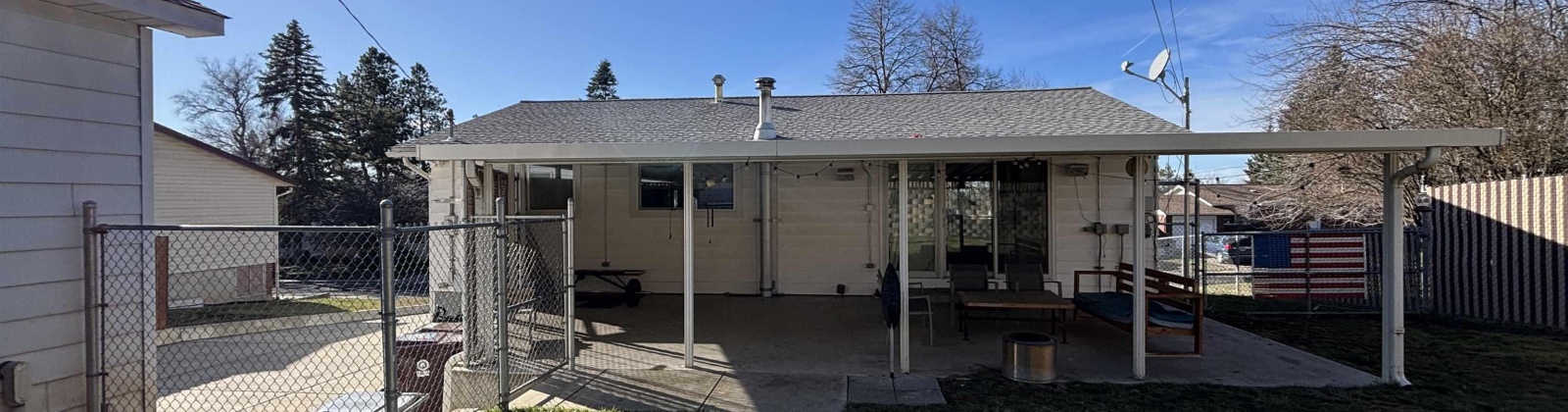 Douglas Dr, Pullman, Washington 99163, 4 Bedrooms Bedrooms, 0 ,2 BathroomsBathrooms,Houses,For Sale,Douglas Dr,0,290478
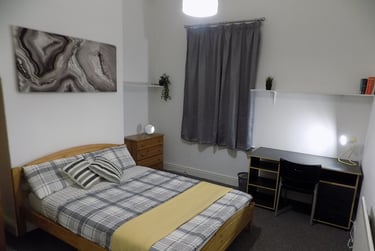 4 bed house, Cheviot street, Near university, Preston, PR18UE - Image 1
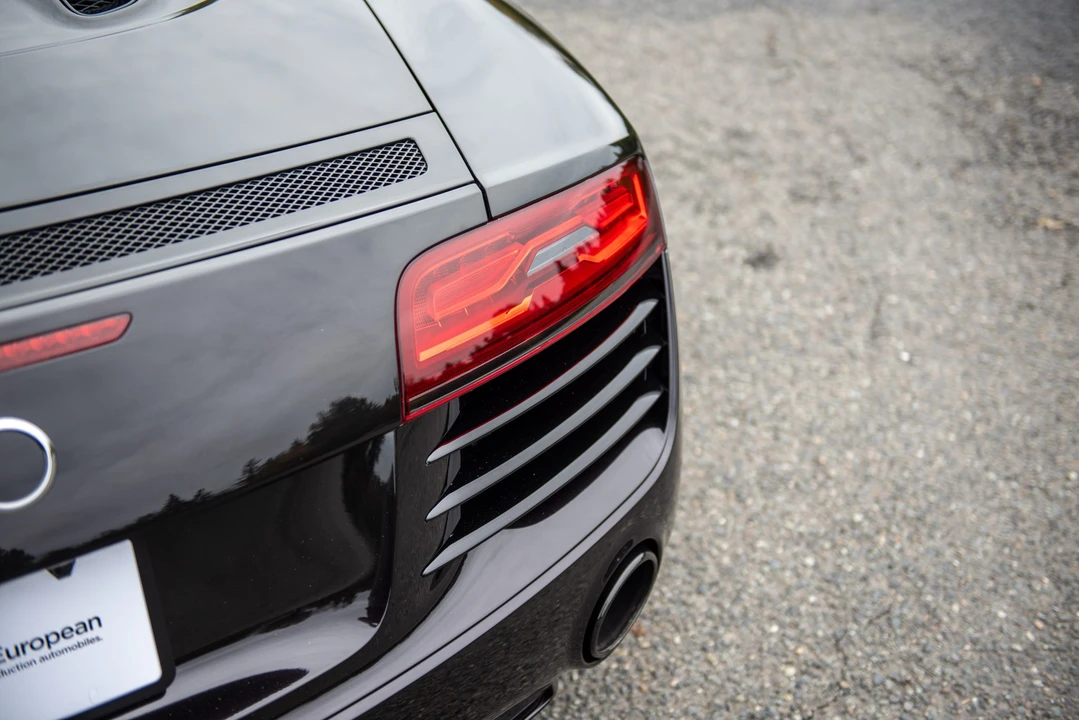 2015 Audi 42 R8 - Image 21 of 31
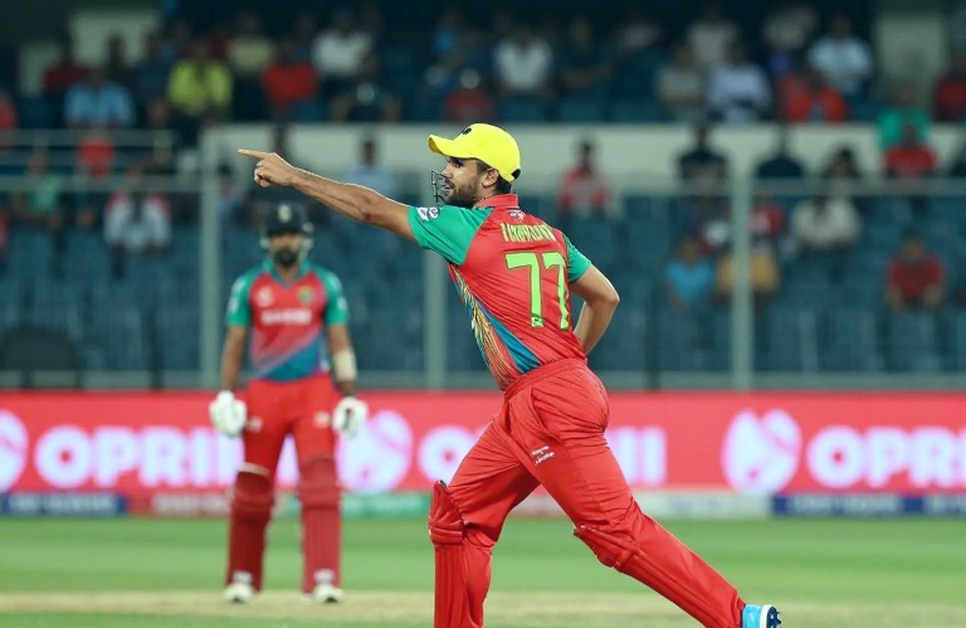 ষোড়শ ওভারের খতিয়ান: শেষ পাঁচ ওভারে বাংলাদেশের পেস কেন ভেঙে পড়ে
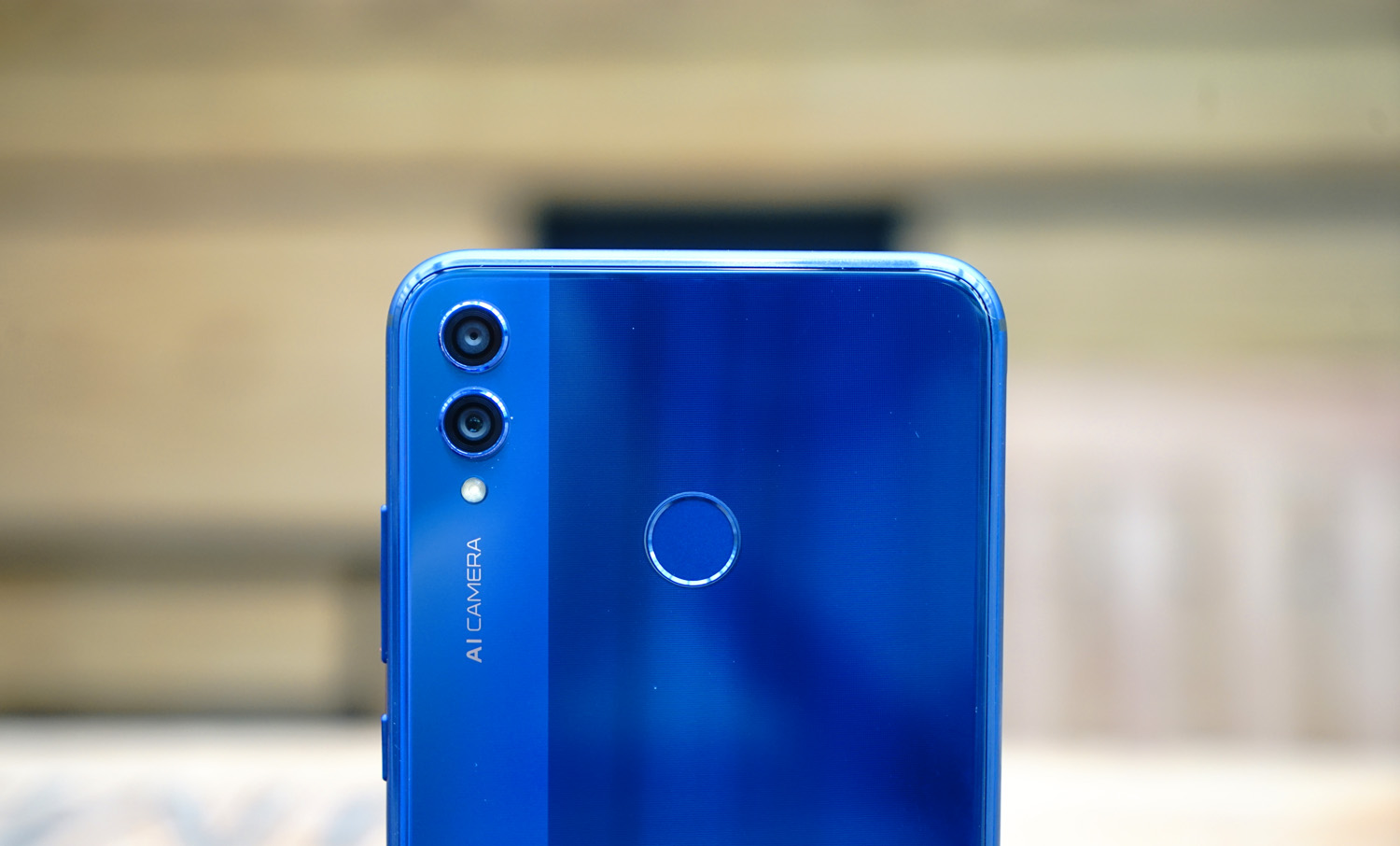 荣耀8x上手评测千元霸屏名不虚传,荣耀八魅海蓝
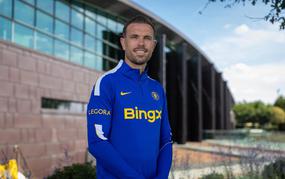 Người hâm mộ Liverpool thất vọng khi cựu đội trưởng Henderson chính thức gia nhập Chelsea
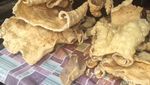 Belanja dan Jajan Enak di Pasar Prembaen yang Legendaris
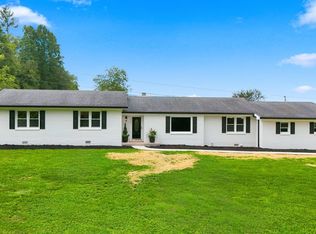 394 Cedar St, Mountain City, TN 37683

──────────────────────────────

§ **Your task**
Quote the full listing above word for word; exclude every picture from the copy.

§ **Response**
 Douglas Dr, Pullman, Washington 99163, 4 Bedrooms Bedrooms, 0 ,2 BathroomsBathrooms,Houses,For Sale,Douglas Dr,0,290478
 4 bed house, Cheviot street, Near university, Preston, PR18UE - Image 1
 2015 Audi 42 R8 - Image 21 of 31
 ষোড়শ ওভারের খতিয়ান: শেষ পাঁচ ওভারে বাংলাদেশের পেস কেন ভেঙে পড়ে
 荣耀8x上手评测千元霸屏名不虚传,荣耀八魅海蓝
 Người hâm mộ Liverpool thất vọng khi cựu đội trưởng Henderson chính thức gia nhập Chelsea
 Belanja dan Jajan Enak di Pasar Prembaen yang Legendaris
 394 Cedar St, Mountain City, TN 37683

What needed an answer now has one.